▸ **EXERCISE AIM**: Write out the data again in full, keeping every character the same.

START DATA BELOW

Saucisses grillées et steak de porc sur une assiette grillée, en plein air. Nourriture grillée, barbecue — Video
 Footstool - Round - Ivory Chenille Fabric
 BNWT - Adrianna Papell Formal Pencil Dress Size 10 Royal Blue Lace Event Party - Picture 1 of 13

END DATA BELOW

▸ **RESPONSE FOR THIS EXERCISE**:
Saucisses grillées et steak de porc sur une assiette grillée, en plein air. Nourriture grillée, barbecue — Video
 Footstool - Round - Ivory Chenille Fabric
 BNWT - Adrianna Papell Formal Pencil Dress Size 10 Royal Blue Lace Event Party - Picture 1 of 13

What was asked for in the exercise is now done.